The High Court supported the demolition of “encroachments’’ while upholding the rehabilitation rights of those who could prove their existence in the electoral rolls before 1 January 1995, in line with the State Government slum rehabilitation scheme (SRS) for slums. Only 33,000 of the estimated 80,000 houses were deemed eligible for rehabilitation.
Between 1997-2004 violent evictions took place where more than 2 lakh people were displaced and scores were injured.
Desperate for shelter, many of those displaced fled to Nala Sopara, drawing on kinship networks already established in the area. Sapana Doshi describes the SGNP evictions as the first ‘green’ displacement in Mumbai.
Public sentiment in Mumbai largely supported the demolitions with the middle classes seeing these slums as violating the law and harming the environment. But a local builder in Nala Sopara, evocatively described the evictions as a bhookamp (earthquake) that ravaged and ruptured people’s lives.
Becoming World Class
In 2003, the business lobby, Bombay First, and McKinsey & Company teamed up to produce a vision for transforming Mumbai into a world-class city by 2013.
“In Vision Mumbai, McKinsey says the number of people living in slums should be reduced to about 10-20%. … Supporters of the (slum) demolition claim that slum-dwellers are holding back the city’s forward march” (Guardian Mar 1, 2005).

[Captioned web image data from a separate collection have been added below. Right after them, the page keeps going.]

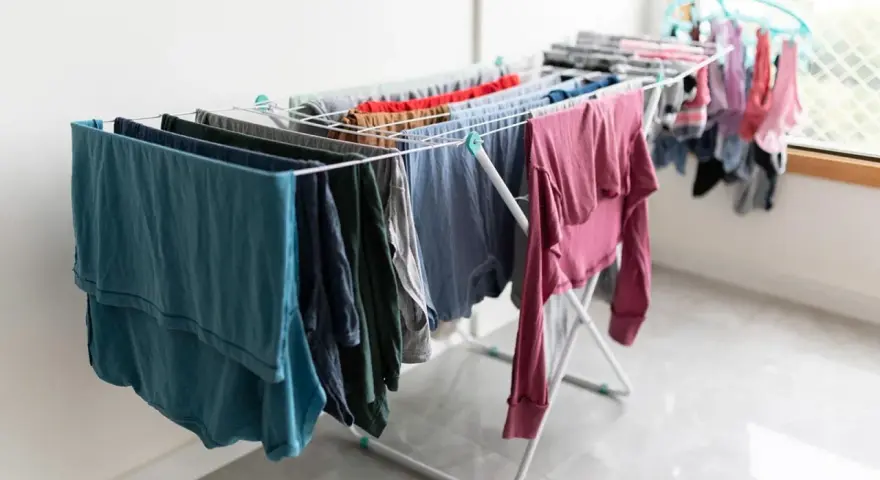 Tendedero desplegado con ropa de varios colores, una solución práctica para tender la ropa en un piso sin terraza.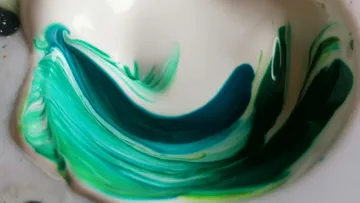 Gewirbelte grüne und blaue Farbe in einer Schale.
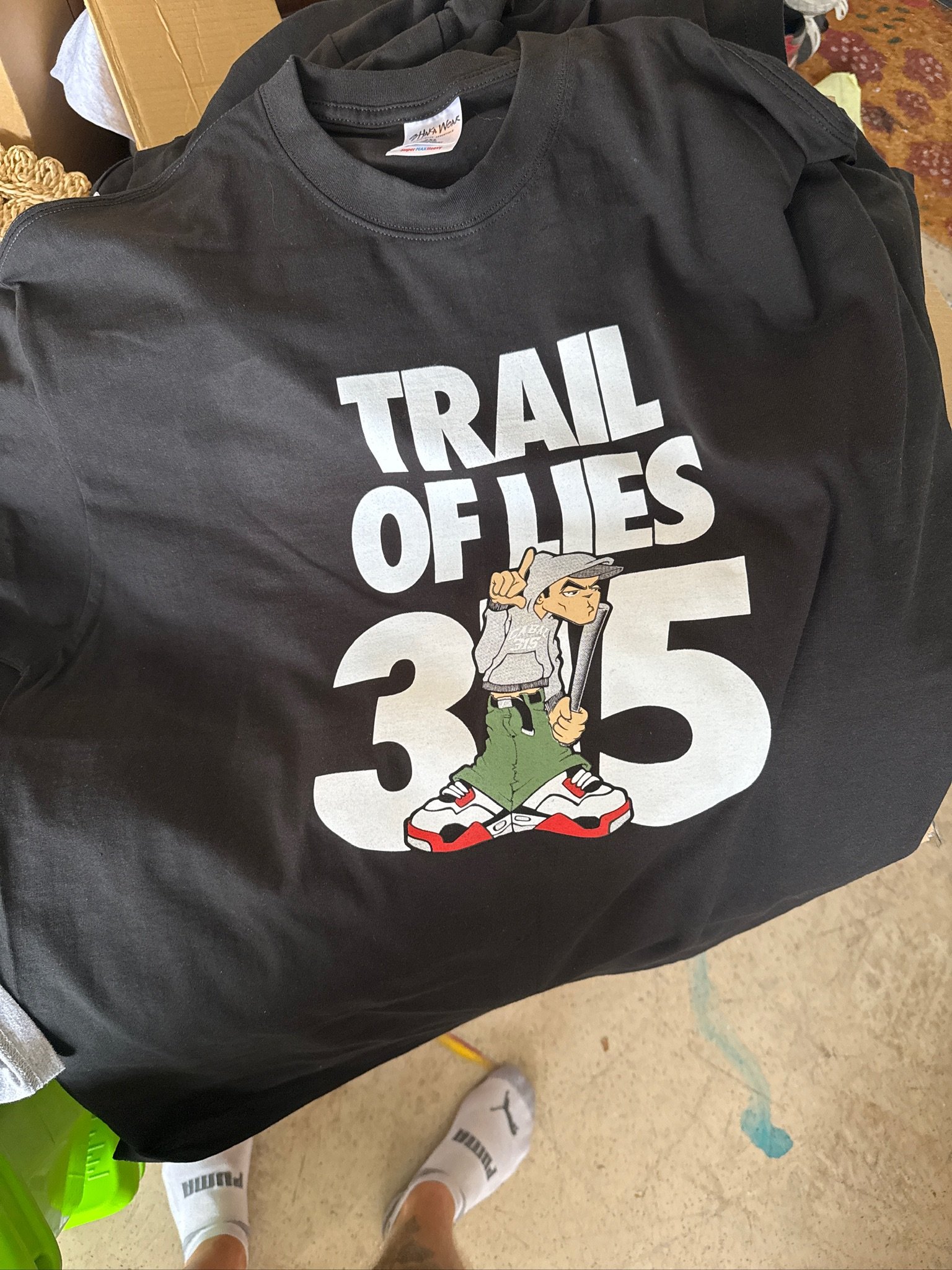 Black sweatshirt with a graphic of a cartoon boy in a hoodie and sneakers, holding a baseball bat, with text that reads 'Trail of Lies 35'.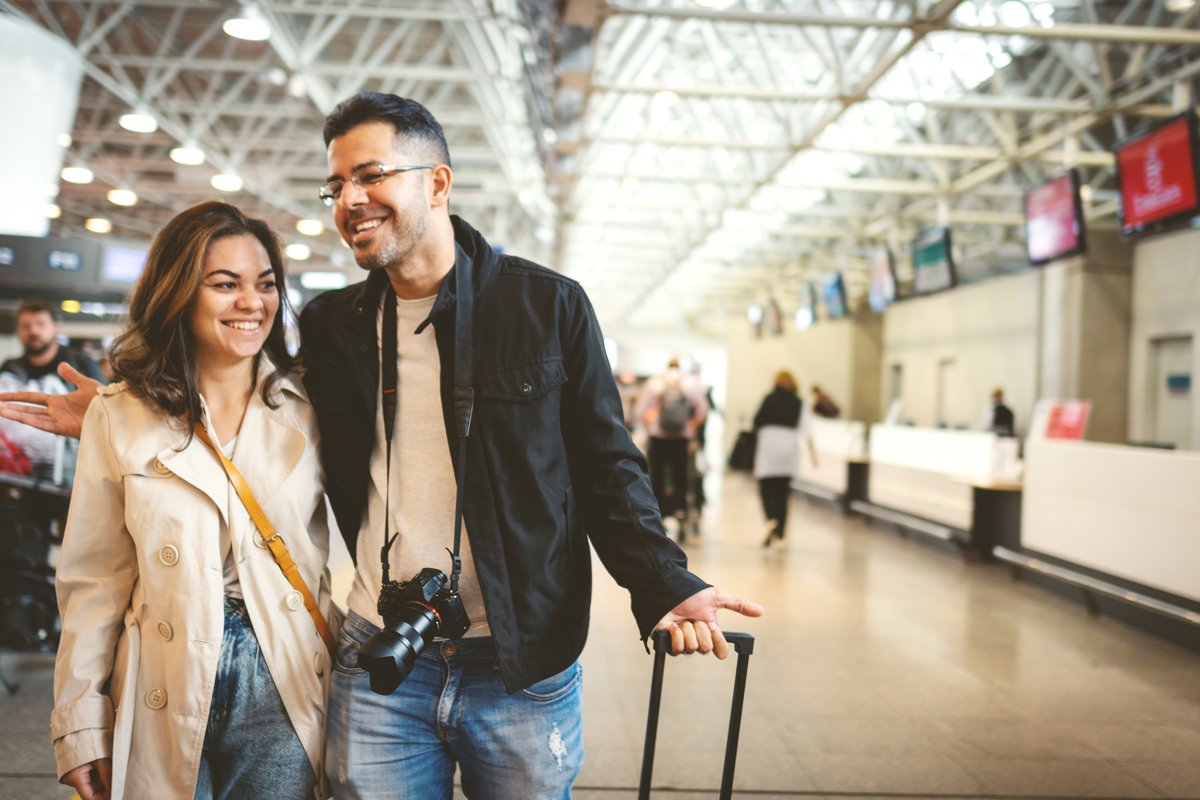 Couple at an airport.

The Chief Minister of Maharashtra took this vision seriously, constituting a task force to study the McKinsey report’s proposals and make final recommendations for achieving this transition to world-class. Since then, numerous proposals for redeveloping and upgrading Mumbai have been announced and implemented. The transition to becoming world class typically involves large infrastructure and redevelopment projects that require the displacement of countless members of the poor and working classes living in informal settlements.